Real Estate Developers Fail to Recover Premiums They Paid for Insurance for Projects They Never CompletedJune 30, 2011 |
Real estate developers obtained insurance for the construction and sale of homes they were building, primarily against claims of defective construction. The developers received $10 million of coverage on each of two projects and paid the insurer an “advance premium” of approximately $1.3 million. Due to the deteriorating real estate and credit markets, however, the projects were not completed. The developers informed the insurer that the projects had not reached the scope of construction anticipated when the policies were issued, and demanded that the insurer return the difference between the advance premium paid and the premiums they contended the insurer actually had earned. After the insurer refused, the developers sued, arguing that they were entitled to recover some of the amount they had paid on the ground of “mutual material mistake of fact.” The insurer moved to dismiss.
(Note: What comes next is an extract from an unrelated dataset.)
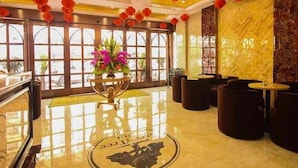 A lobby with a marble floor, a reception desk, and red lanterns hanging from the ceiling.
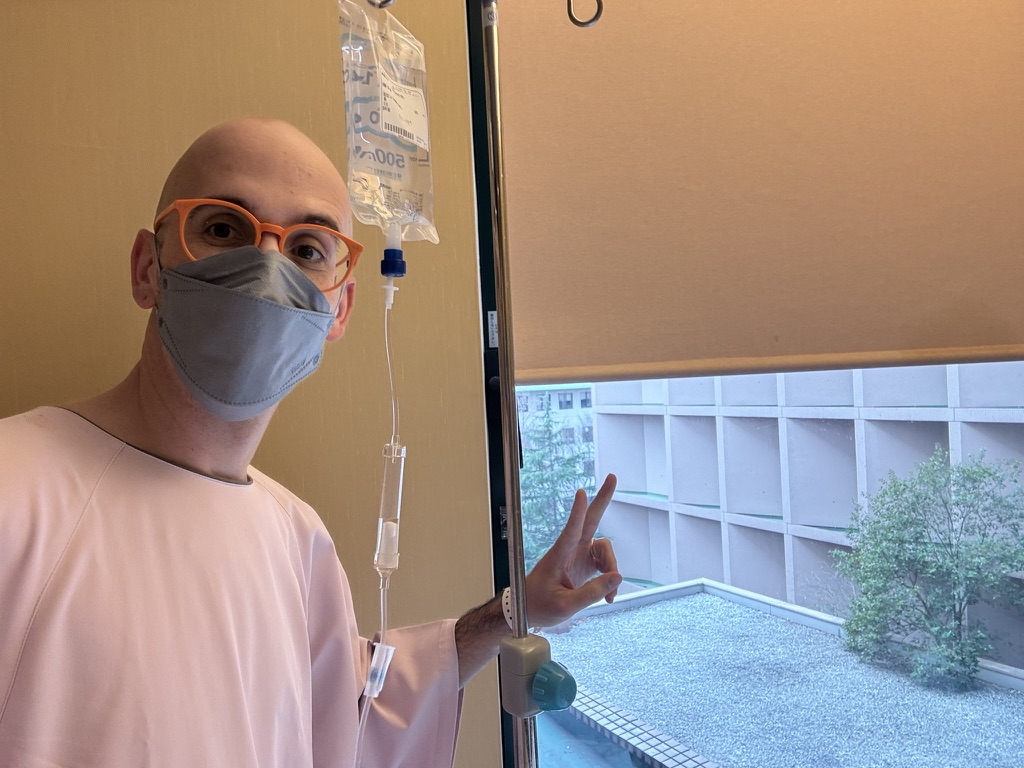 Bald middle aged man wearing a mask and glasses. He is attached to an IV drip and standing by a window.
In its decision, the court rejected the developers’ contention that the premiums were calculated based on the planned scope of each project, finding that the “unambiguous language of the policies” stated that the advance premium was not computed based on any rate or formula, but was a flat rate. In the court’s view, that negated the developers’ premise that the scope of project completion was a future contingency the parties had assumed in the calculation of the premiums.
Moreover, the court continued, the developers’ premise also was precluded by a policy provision that rendered the premiums non-refundable.
The court also rejected the developers’ argument that their inability to complete the projects caused a failure of consideration so as to warrant rescission or restitution. The court observed that the developers had not contended that they had not had the benefit of insurance coverage for the portion of each project they completed, and that one therefore could not reasonably infer that they received nothing at all from the insurer in exchange for the premiums. The fact that the insurance coverage turned out to be less valuable to the developers than anticipated did “not render the policies or their premium provisions unenforceable for lack of consideration.”
The case is Watermark Granite La Quinta, LLC v. American Int’l Specialty Lines Ins. Co., No. 10cv1011-L (CAB) (S.D. Cal. May 23, 2011).